3D rendering on the mobile tile GPU architecture is an active area of research with significant number of methods, algorithms and implementations. The rest of the literature review’s emphasis is on AR-dedicated and general 3D engines for the Android operating system as well as building blocks and techniques of the OpenGL ES graphics pipeline that are commonly used for performance optimizations. Graphics engines and frameworks for Android MAR applications are mainly built under the license of commercial and free SDKs mentioned above, such as Sceneform [
29] for ARCore and the SDK-dependent rendering engines of WikiTube, EasyAR and Vuforia on native SDK. Among these, Sceneform by Google integrates an open-source SDK that uses physically based rendering (PBR) to build AR applications without requiring OpenGL ES.
Regarding 3D loaders of general use with low-level bindings on OpenGL, Filament [
30] is a lightweight cross-platform PRB engine for glTF files format that adapts to low and medium performance GPUs. 3D Model Viewer [
31] is an Android application launched at the Google Play Store, for loading and visualizing 3D models of OBJ, STL (STereoLithography) and DAE (Collada) format. It further integrates features like collision detection, 3D stereoscopic view and raycasting. The Rajawali 3D framework [
32] enables importing and displaying various types of 3D models including OBJ, 3DS and FBX, in the context of an optimized rendering scheme that supports object serialization and compression. It has been coupled with Vuforia SDK as the base file parsing and renderer for MAR [
33] as well as with Jaguar client and ARCore SDK for low-latency MAR with object tracking to the edge cloud [
34]. A seminal contribution in the field is the open-source LWJGL Java Game library [
35] with direct and high-performance access to native APIs and bindings to OpenGL ES. Besides gamification, it has been designed as a low-level interface for graphics acceleration, addressing any type of visualization need.
In the context of the presented work, no ready-to-use rendering frameworks, engines or file parsers were utilized. Instead, a graphics engine for high-volume 3D meshes and low-end hardware was developed from scratch. Recent studies explore performance acceleration for such large vertex data exploiting the newly introduced objects of shader storage buffer objects (SSBO) that optimize the existing Uniform Buffer Objects (UBO) and texture buffer objects (TBO) for random access data in shaders.
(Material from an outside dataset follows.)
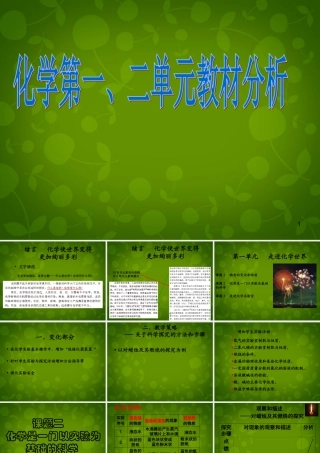 九年级化学上册 第1 2单元教材分析课件 新人教版 课件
These objects can be part of any direct or indirect rendering function of the graphics API, including: Multi-Draw and Multi-View rendering [
36], indirect rendering that issues the drawing commands stored at a buffer object of GPU and conditional rendering that schedules rendering commands depending on visibility checks of an occlusion query [
37]. In the proposed rendering scheme, only the techniques compatible with OpenGL ES version 2.0 and associated with the technical requirements being set are taken into consideration. This version still targets the widest range of devices in the market and exposes programmable shaders that are really useful for explicit graphics acceleration. However, evaluation testing on multiple 3D models records bottlenecks at the vertex and fragment processing of the graphics pipeline. A performance amelioration strategy is the configuration of the number ration of the shading processing units which substantially balances the load [
38]. Occlusion or visibility culling methods drastically reduce redundant fragment processing computations by avoiding the processing of occluded surfaces of the 3D model, but are not suitable for low-power devices [
39,
40].
Various practices for CPU limited cases and increased draw calls count have been developed for performance acceleration. Instancing is tailored to complex meshes with thousands of vertices and entails rendering of multiple identical meshes in a single draw call. It has been applied to Building Information Models (BIMs) along with occlusion culling [
41], to 3D CAD models in dynamic scenes [
42] or during cloud rendering [
43] and to a k-d tree construction algorithm for massive sets of objects [
44]. Regarding texture management, a series of pre-processing algorithms, including mesh partitioning, parameterization and packing along with high-quality texture map generation, achieves a texture size that maintains the original resolution [
45]. A novel texture map representation and adaptive sampling strategy that stores the appearance relative information directly on 3D meshes has recently been proposed [
46]. However, at the current development phase, the large-sized meshes cannot be rendered from their compressed mesh texture. A contribution worth mentioning on texture atlas compression preserves the geometric attributes of the 3D model with random access decoding and view-dependent transmission [
47]. Finally, some fixed functions of OpenGL and principal methods for performance boost and visual quality include frustrum culling, per-vertex operations, shader reduction and texture filtering. A minor degradation of visual quality using a combination of simple techniques compensated for an average of 19% performance improvement in [
48]. The problem of optimizations on single-threaded applications for low-end hardware has not recently been tackled, as developers are taking high-end smartphones ownership into granted. Building MAR is still an arduous task. Designing immersive AR experiences with a low-quality camera, and for low functional and digital literacy users is even more challenging, but it really achieves AR democratization.
3. Methodology
Within this section, the pattern-based MAR methodology followed by the ModAR is presented. The pattern object is assumed to be a planar rectangle surface. A nadir image of the pattern object, herein after referred to as pattern image, is required for augmentation of the real-world frames via a 3D model, also required by the proposed method, along with the camera internal parameters.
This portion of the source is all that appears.